Exercise details:
Beginning at the line containing "venus planet information", repeat each line below exactly up to and including the line containing "Appraisal: An carat". Do not repeat the pictures.

Records to use:
--- START ---

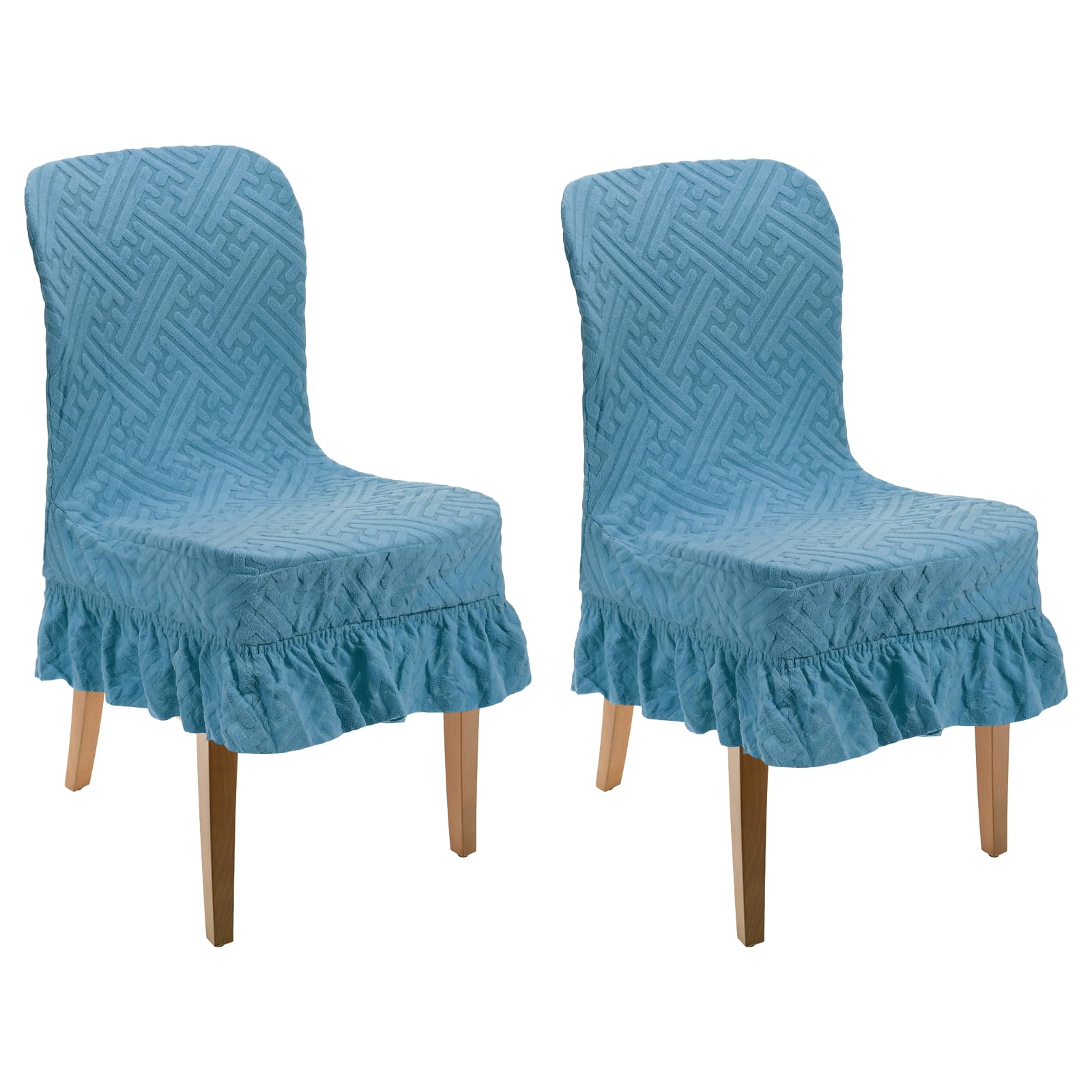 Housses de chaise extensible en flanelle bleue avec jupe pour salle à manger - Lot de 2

--- END ---
--- START ---

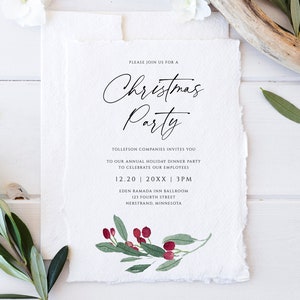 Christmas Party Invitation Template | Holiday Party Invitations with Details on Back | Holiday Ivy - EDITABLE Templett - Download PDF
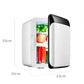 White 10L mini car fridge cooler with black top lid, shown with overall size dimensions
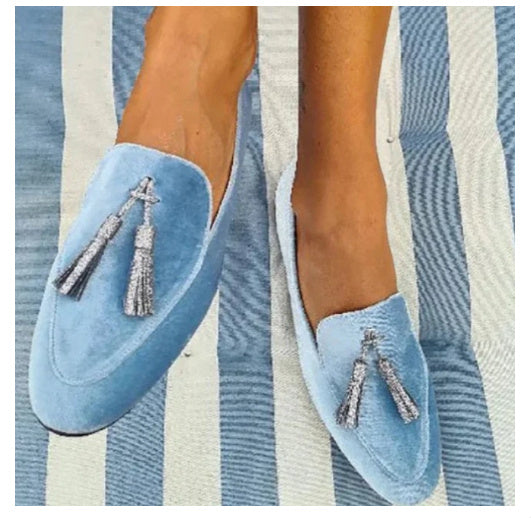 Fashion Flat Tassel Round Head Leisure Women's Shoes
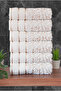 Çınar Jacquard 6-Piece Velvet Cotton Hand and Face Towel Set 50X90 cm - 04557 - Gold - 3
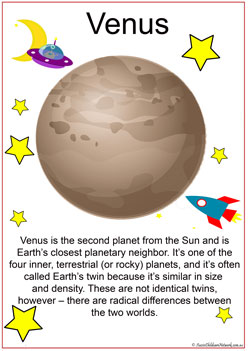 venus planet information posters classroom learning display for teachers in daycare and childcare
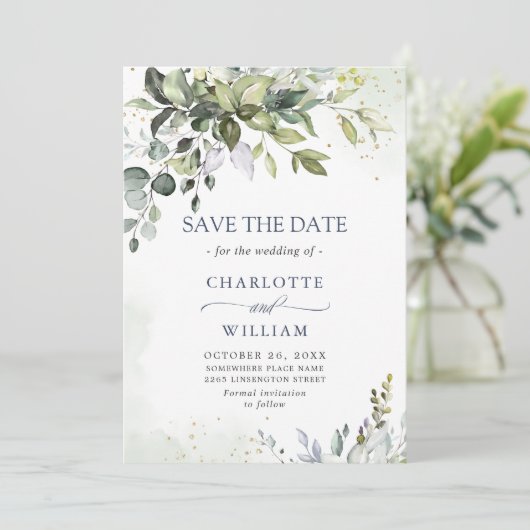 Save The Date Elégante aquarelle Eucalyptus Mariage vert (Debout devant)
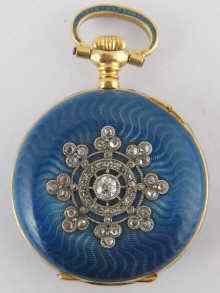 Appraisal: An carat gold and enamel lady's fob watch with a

--- END ---

Solution below:
 venus planet information posters classroom learning display for teachers in daycare and childcare
 Save The Date Elégante aquarelle Eucalyptus Mariage vert (Debout devant)
 Appraisal: An carat gold and enamel lady's fob watch with a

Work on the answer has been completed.